With respect to the 1X PC -> MD problem and why they havent come out with a recorder 
with a decent built-in USB 
interface, I think they're play "both sides of the fence" when it comes to issues of 
whether MD classifies as a music 
recorder or a computer peripheral.  The real culprit in this battle is the RIAA, whose 
silly rules create the problem in the first 
place.  If it weren't for the fact that, for legal reasons, every consumer device 
capable of recording digital audio sold in the 
US must be classified as either an audio recorder or a computer peripheral.   Audio 
recorders (MD and CDR audio) are 
subject to SCMS and the RIAA's tax, whereas computer peripherals (CDR data and MP3) 

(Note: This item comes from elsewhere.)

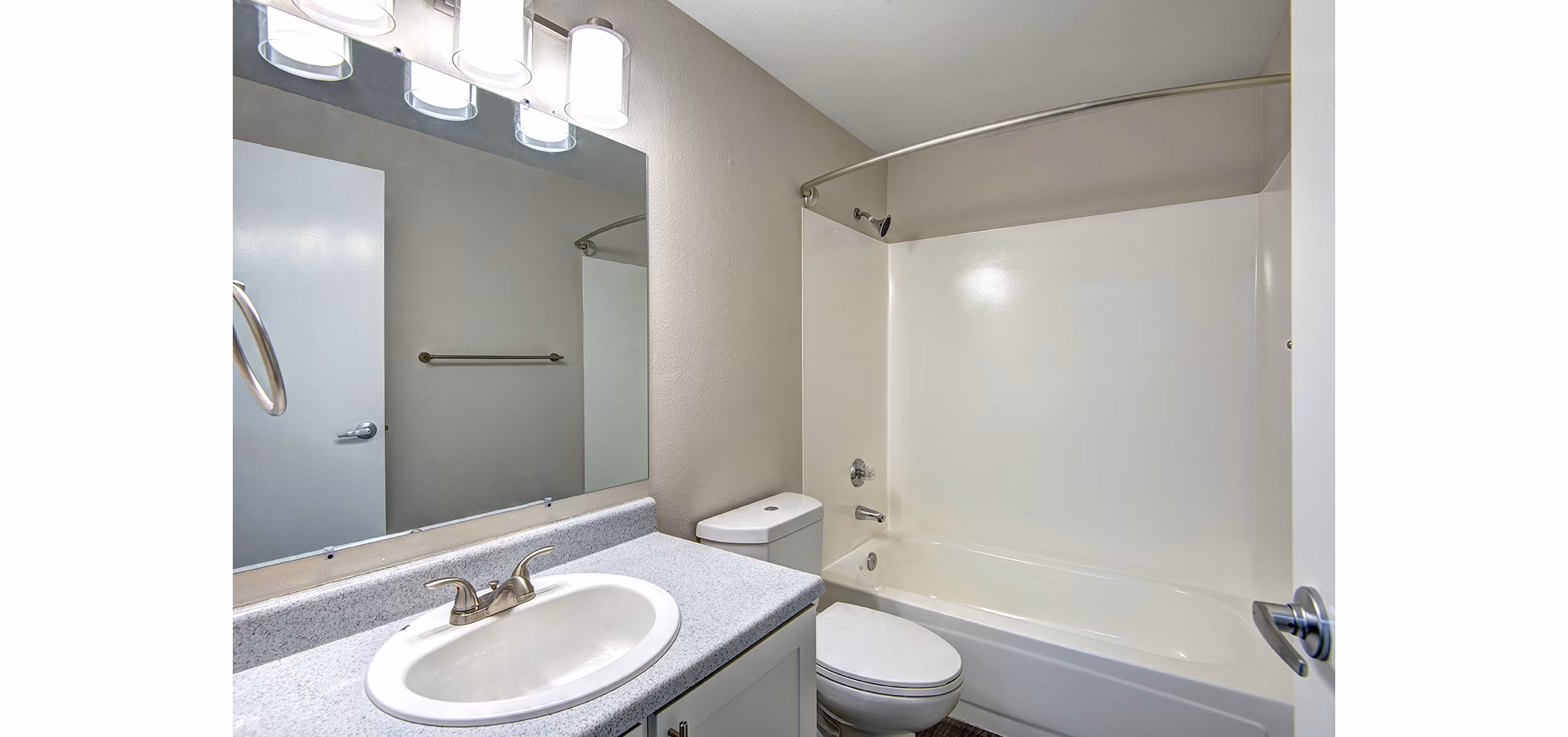 Luxurious bathroom with a modern vanity and glass shower at The Becket Apartments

are not.  With the latest growth of 
CDR and MP3, maybe the RIAA will realize that they've lost the battle anyway.  I think 
the reason that stricter standards 
were put into place for MD has to do a lot with the era (10 years ago) when the MD 
standards were put into place.  For 
those of you that remember, the precursor to SCMS (in the late 80s) was an ANALOG 
system that placed a very narrow 
notch in the frequency response of the copyrighted music which all audio recorders 
(even analog cassette decks) were to 
recognize and refuse to record (not even ONE copy, as SCMS allows).  Luckily, 
extensive NIST tests showed that the notch 
was very annoying in many types of music, and so the RIAA backed down.  But this was 
the era in which MD was born, and I 
think we're still bearing the legacy of that thinking to this day.